Chosen Solution

This isn’t my first time putting liquid metal between the CPU and the heat sink. In fact, I’ve done it to several laptops. But this time around when I did it to this current model that I have, and it appears to have died. My guess is that a bit of the liquid metal may have gotten on the board and shorted something out. However, a detailed inspection reveals the board to be as clean as can be. I actually took it to an Apple store to see if they could investigate. They weren’t able to find anything wrong and quoted me $500 to ship it off for further investigation. I’m wondering if there’s any hope for it at all at this point. I don’t know if anyone has any ideas. Any help or insight would be greatly appreciated. Thank you!

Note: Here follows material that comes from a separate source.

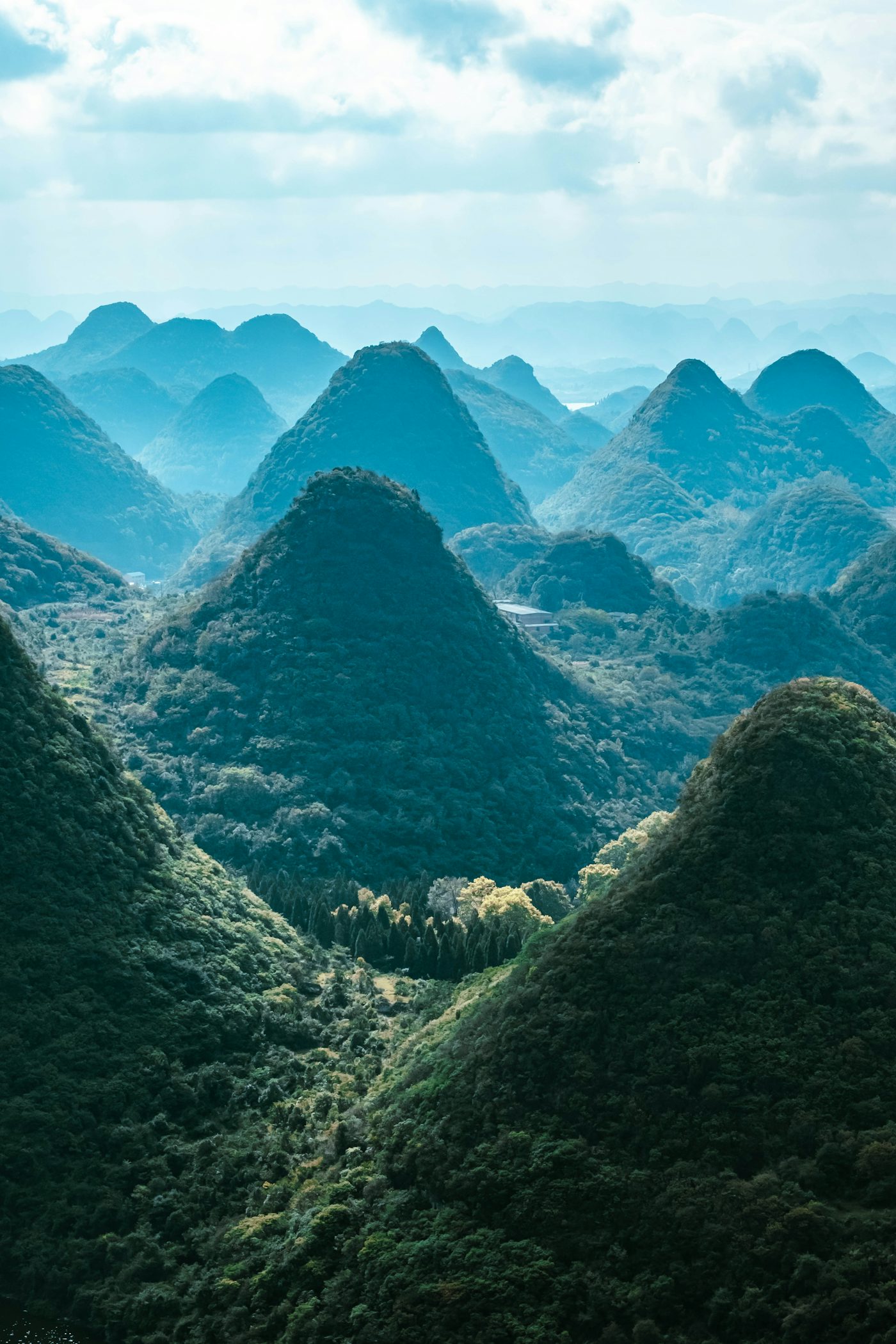 Открой Гуйчжоу: Хуангошу, Фаньцзиншань, самый высокий в мире мост, народы Мяо и Дун (5/16)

You shorted the CPU out and in turn, trashed the board. You’ve treated yourself to a new board or a board-level repair (if it’s even viable) using Liquid Metal. It shouldn’t be in laptops for this exact reason. Pray the damage done to the machine isn’t fatal and beyond repair, or you get to replace the motherboard using a metal thermal paste. More then likely you’re looking at a board repair at the minimum here. It destroys aluminum coolers and slowly corrodes copper - but it doesn’t ruin it right away. Essentially what you do when you use Liquid Metal is you are signing an early death certificate for the cooling system and you will eventually need a new heatsink every few years if you keep it long term. This cooler damage isn’t a problem in a PC desktop where coolers are pretty universal and can (often, check on Dell/HP/Lenovo prebuilts to see if it uses standard mounting plates or a custom system that can’t be replaced with off the shelf parts) be fixed when it happens in most cases. HOWEVER, on laptops, the cooling is always custom and the damage can mean needing to spend days locating the right heatsink! Apple often uses 2 versions so unless your heatsink is still available you cannot reverse the damage without pulling one from a dead laptop with the same heatsink. I’ve also heard it ruins the CPU die given enough time as well. It’s not a mainstream product for a reason! Stick to a good thermal paste like Artic MX-4, and let the enthusiasts with more money then brains destroy hardware. Is it really worth losing the entire system over a few extra degrees gained by risking everything?